Considérant ce qui suit :
1. M. C a présenté une demande d’échange de son permis de conduire brésilien contre un permis de conduire français, qui a été refusée par le préfet de la Loire-Atlantique par décision du 16 juin 2025 au motif que cette demande a été déposée plus d’un an après l’acquisition de sa résidence normale en France et qu’elle était, dès lors, tardive. M. C demande la suspension de cette décision.
2. Aux termes du premier alinéa de l’article L. 521-1 du code de justice administrative : « Quand une décision administrative, même de rejet, fait l’objet d’une requête en annulation ou en réformation, le juge des référés, saisi d’une demande en ce sens, peut ordonner la suspension de l’exécution de cette décision, ou de certains de ses effets, lorsque l’urgence le justifie et qu’il est fait état d’un moyen propre à créer, en l’état de l’instruction, un doute sérieux quant à la légalité de la décision ». Aux termes du second alinéa de l’article R. 522-1 du même code : « A peine d’irrecevabilité, les conclusions tendant à la suspension d’une décision administrative ou de certains de ses effets doivent être présentés par requête distincte de la requête à fin d’annulation ou de réformation et accompagnées d’une copie de cette dernière ». Enfin, en vertu de l’article L. 522-3 de ce code, le juge des référés peut, lorsqu’il apparaît manifeste qu’une requête est irrecevable, la rejeter par une ordonnance motivée sans instruction ni audience.
3. L’urgence justifie que soit prononcée la suspension d’un acte administratif lorsque l’exécution de celui-ci porte atteinte, de manière suffisamment grave et immédiate, à un intérêt public, à la situation du requérant ou aux intérêts qu’il entend défendre. Il en résulte qu’il appartient au juge des référés, saisi d’une demande de suspension d’une décision, d’apprécier et de motiver l’urgence compte tenu de l’incidence immédiate de cette décision sur la situation concrète de l’intéressé. Il appartient ainsi au requérant de justifier de circonstances particulières caractérisant la nécessité pour lui de bénéficier à très bref délai d’une mesure provisoire dans l’attente d’une décision juridictionnelle statuant sur la légalité de la décision litigieuse.
4. Pour justifier de l’urgence à suspendre l’exécution de la décision en litige, M. C soutient qu’elle l’empêche d’exercer son activité professionnelle et le prive de la possibilité de se déplacer librement. Toutefois, le requérant ne produit aucun élément à l’appui de ses allégations et ne justifie pas qu’il serait dans l’impossibilité d’exercer une activité professionnelle ou de se déplacer en utilisant d’autres moyens de transport que l’automobile. Dans ces conditions, si l’exécution de la décision litigieuse est susceptible d’entraîner une gêne dans les déplacements de M C, elle ne peut être regardée, en l’état de l’instruction, comme affectant de manière grave et immédiate sa situation professionnelle. Dès lors, la condition d’urgence au sens des dispositions de l’article L. 521-1 du code de justice administrative, qui doit s’apprécier objectivement et globalement, ne peut en l’espèce être regardée comme remplie.
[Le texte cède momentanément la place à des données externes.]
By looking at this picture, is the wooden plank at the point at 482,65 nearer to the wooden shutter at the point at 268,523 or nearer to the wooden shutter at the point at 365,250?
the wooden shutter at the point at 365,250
5. Il résulte de tout ce qui précède que la requête de M. D doit être rejetée selon la procédure prévue à l’article L. 522-3 du code de justice administrative.
O R D O N N E :
Article 1er : La requête de M. D est rejetée.
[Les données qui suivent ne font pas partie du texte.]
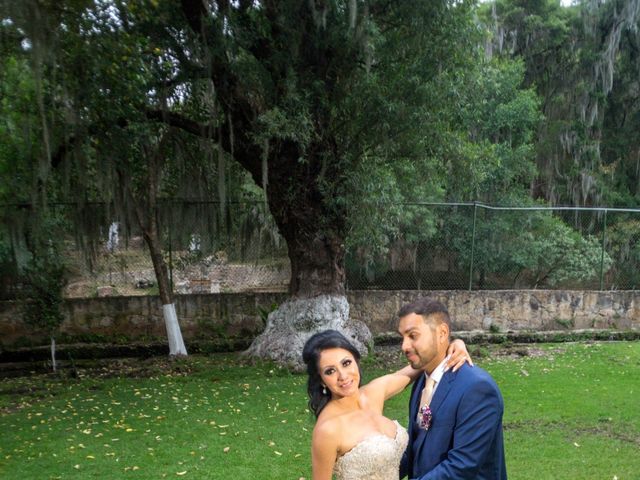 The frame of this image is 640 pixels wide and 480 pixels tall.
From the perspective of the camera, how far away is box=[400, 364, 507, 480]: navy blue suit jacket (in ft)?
6.14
Article 2 : La présente ordonnance sera notifiée à M. A B D.
Fait à Cergy, le 22 juillet 2025.
La juge des référés,
Signé
C. Colin
La République mande et ordonne au ministre de l’intérieur en ce qui le concerne ou à tous commissaires de justice à ce requis en ce qui concerne les voies de droit commun, contre les parties privées, de pourvoir à l’exécution de la présente décision.